Trump also revealed that "two big firemen" took him to safety after hearing creaks coming from a nearby building, which appears to be a new addition to the story.

"I said, 'That building is going to come down,' and two big firemen grabbed me and grabbed other people, and they just moved out of that area. Never came down, but I never heard a noise like that. And it was a scary situation," Trump told Newsmax.

Although he was seen at Ground Zero in the days after the attack, there was no evidence that he helped, according to Vice News.

On 9/11, Donald Trump said that he had watched the attacks unfold through the window of his apartment in Trump Tower.

On the day of the attack, he also claimed that 40 Wall Street, also known as the Trump building, had become the tallest building in downtown Manhattan after 9/11, which was, in fact, incorrect.

Most notoriously, He said that he saw Muslims celebrating in the streets of New Jersey, an assertion that multiple fact-checkers have cast doubt on.

"This defies basic logic," PolitiFact's Lauren Carroll wrote in a "Pants on Fire" ruling in 2015.

"In the case of 9/11, Trump's line between memory and hyperbole appears to be blurry," The Associated Press reported.

The 9/11 fantasists

Alicia Head pretended to be a 9/11 survivor.
New York Daily News/Getty Images

Donald Trump is not the only one to have made spurious claims about their experiences on 9/11.

Psychiatrist Jean Kim, who worked in New York City in the years after the attack, wrote an article in The Washington Post in 2015 about the trend of people falsely claiming they had lost relatives in 9/11.

She said she started to become suspicious at the high number of people who told her they lost a loved one in the attack and noticed inconsistencies or outright lies in some stories.

She coined the term "9/11 sign," which refers to people who reported a 9/11 death in their history in an attempt to gain either sympathy or material benefits.

There have also been several cases of fantasists weaving elaborate lies about being 9/11 survivors, The Independent recently reported.

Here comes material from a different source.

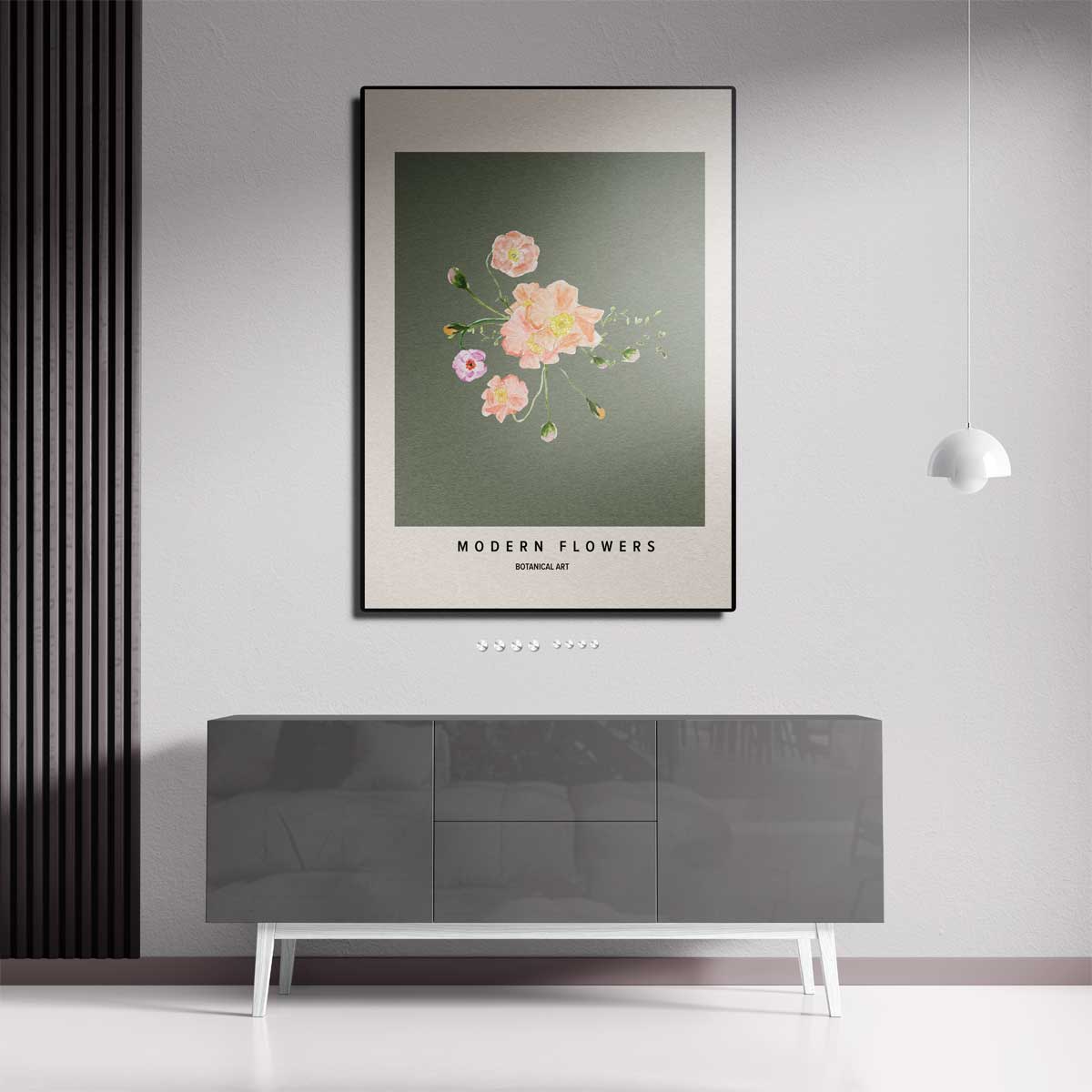Bloemige Moderniteit Kunstwerk-canvas-dibond-plexiglas-wanddecoratie-WallArtistic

The most famous case is of Alicia Esteve Head, a Spanish woman who fabricated a detailed story about being a 9/11 survivor until The New York Times revealed the deception in 2007.

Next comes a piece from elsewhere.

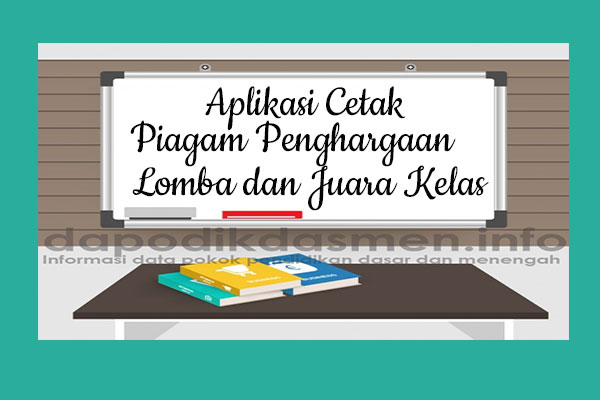 Detail Piagam Penghargaan Juara Kelas Binggris Nomer 46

Head was living in Barcelona when the terrorist attack struck New York City and started going by the name Tania.

As Tania Head, she became heavily involved in the World Trade Center Survivors' Network, later becoming its president.

Head claimed to have been chairing a Merrill Lynch meeting on the 78th floor of the South Tower on 11 September, when a plane crashed into the building.

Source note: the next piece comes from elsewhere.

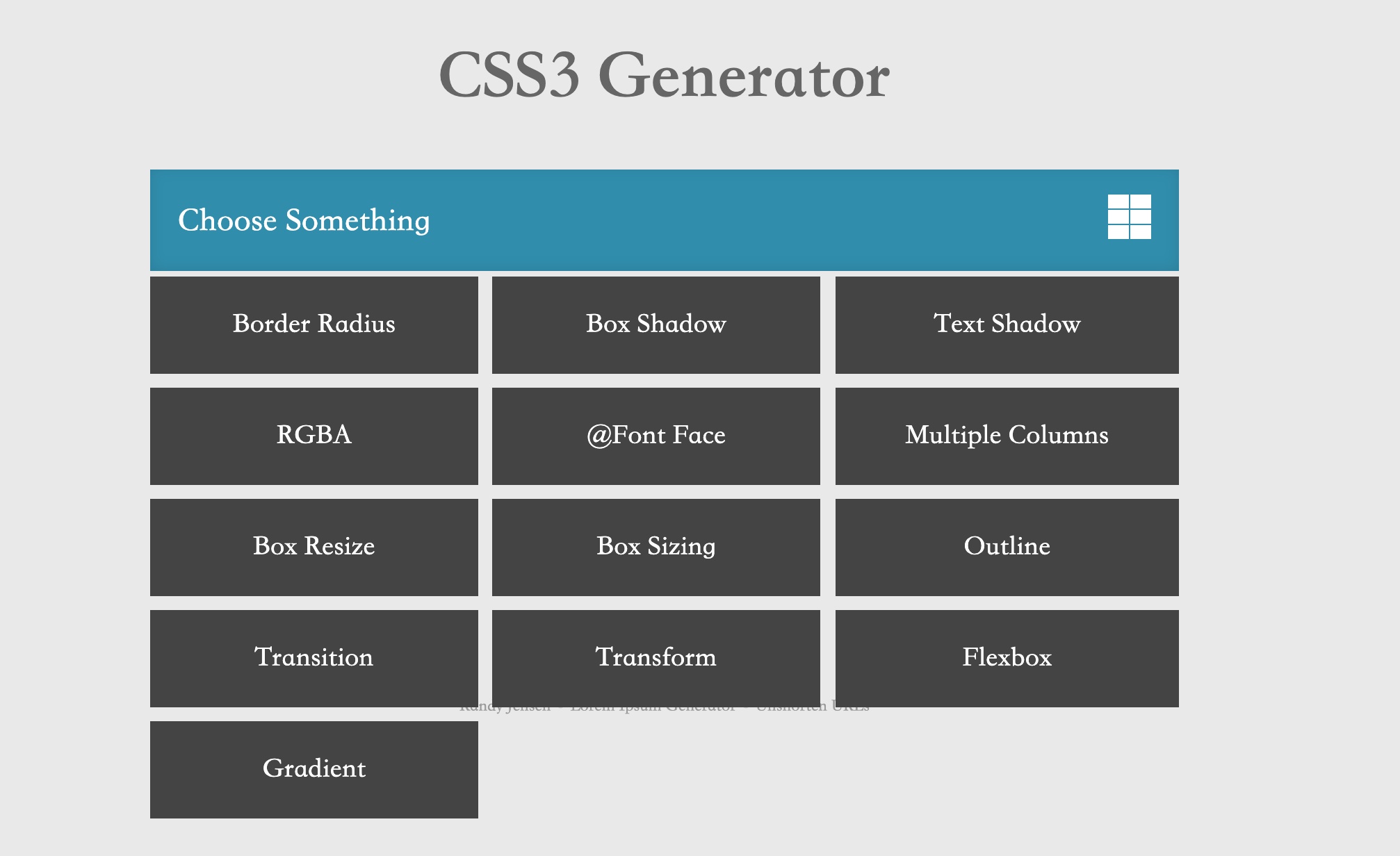 CSS在线工具网址导航 - 图2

She described her traumatic experiences in vivid detail, including seeing her assistant being decapitated and crawling through the carnage before being helped to safety by a kind volunteer.

She also claimed that her fiancé Dave, who she sometimes called her husband, died in the North Tower.

Dave, whose surname was withheld by The New York Times to protect his identity, was a real person who lost his life in the terrorist attack.

His family and friends told the paper that they had never heard of Head and had not been aware of a relationship between them.

Steve Rannazzisi claimed he had a narrow escape from the South Tower in 9/11.
Michael S. Schwartz/Getty Images
Similarly, actor and comedian Steve Rannazzisi claimed to have made a narrow escape from the 54th floor of the South Tower after the first plane crashed into the North Tower.

In 2015, Rannazzisi admitted it was a lie after The New York Times confronted him with evidence that undermined his account.

"I was not at the Trade Center on that day," he said in a statement provided to the paper. "I don't know why I said this. This was inexcusable. I am truly, truly sorry."

"For many years, more than anything," Rannazzisi said, "I have wished that, with silence, I could somehow erase a story told by an immature young man. It only made me more ashamed. How could I tell my children to be honest when I hadn't come clean about this?"

According to psychiatrist Jean Kim, misguided people such as Head and Rannazzisi sometimes try to manipulate traumatic events for material or emotional gains.

"We shouldn't necessarily just feel enraged by these individuals (although it certainly is tempting.)", Kim wrote in The Washington Post.

"These are usually ultimately sad, lonely, empty people who capitalise on this unprecedented capacity for charity."